Today let's look at Westfield Capital Management, an investment advisor serving institutions and wealthy investors. It employs deep fundamental research as it seeks out stocks that are underloved by the market, and its funds have outperformed their benchmarks, on average, since inception.
The company's reportable stock portfolio totaled $14.5 billion in value as of June 30, 2013.
So what does Westfield's latest quarterly 13F filing tell us? Here are a few interesting details.
The biggest new holdings are railroad company CSX and homebuilder Lennar. Other new holdings of interest include Keryx Biopharmaceuticals (NASDAQ:KERX), which has more than tripled over the past year and is near a 52-week high. Many expect FDA approval for its Zerenex drug, which treats kidney disease. The company is looking to expand the drug's applications and approvals, too. Keryx has potential, but so far it also has paltry revenue while it burns cash, and it doesn't have a pipeline rich with many promising drugs. Fortunately, it does have ample cash, which should support its drive toward approvals and eventual profits. If Zerenex gains New Chemical Entity status, that will also help it, competitively.
Among holdings in which Westfield Capital increased its stake was oil and gas equipment and services company McDermott International (NYSE:MDR), which is down more than 40% over the past year, in part due to posting weak second-quarter results and receiving several analyst downgrades.
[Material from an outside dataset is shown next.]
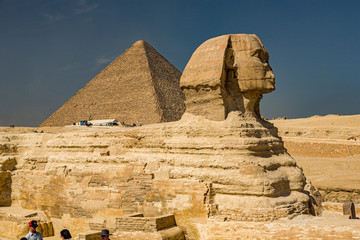 Great pyramid of Cheops and Sphinx in Giza plateau. Cairo, Egypt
Its CEO explained, "As a management team, we are taking immediate and decisive actions to correct the weakness we have experienced in our project bidding and execution..." He added, "We are driving a more disciplined culture within the Company," and warned that, "problematic projects are expected to require some time to fully work through the system." Still, the company does have an order backlog of $5.1 billion and if it improves its contracting and project management processes, it might represent a nice value. Analysts expect it to grow by about 18% annually over the next few years.
Westfield Capital reduced its stake in lots of companies, including American Capital Agency (NASDAQ:AGNC), a mortgage REIT with a tantalizing dividend yield recently near 14% -- though that reflects a 16% dividend cut earlier this year and a fresh 24% cut. On the bright side, the company has been aggressively buying back stock. It has also been moving more into 15-year mortgages and decreasing its focus on 30-year ones. The shorter loans are less volatile, but they also offer lower yields. American Capital's CEO is well respected, but some worry about rising interest rates and the easing of quantitative easing. The Fed put off tapering its easing, but that won't last forever.
Finally, Westfield's biggest closed positions included IDEX and Broadcom (NASDAQ:BRCM). Other closed positions of interest include Cirrus Logic (NASDAQ:CRUS). Communications chipmaker Broadcom is down more than 20% over the past year, but offers patient believers a 1.6% dividend yield. Broadcom's presence in the new iPhones bodes well for its bottom line, and a recent acquisition might prove to be a game-changer for it, too. The company has been upgraded by several analysts recently, and sports a forward P/E near 11, suggesting that it's far from overvalued.
Audio-chip maker Cirrus Logic tumbled after reporting disappointing quarterly results and guidance. Bears worry about its reliance on Apple, which accounted for more than three-quarters of revenue in its last fiscal year, though Cirrus has been lining up other customers. They also fear that lower-priced iPhones could hurt Cirrus and think its growth is due to slow. Bulls have seen its problems as short-term, though. Analysts expect Cirrus to grow by more than 18% annually over the next five years, its free cash flow is growing, and its forward P/E is just 10, suggesting more room to grow.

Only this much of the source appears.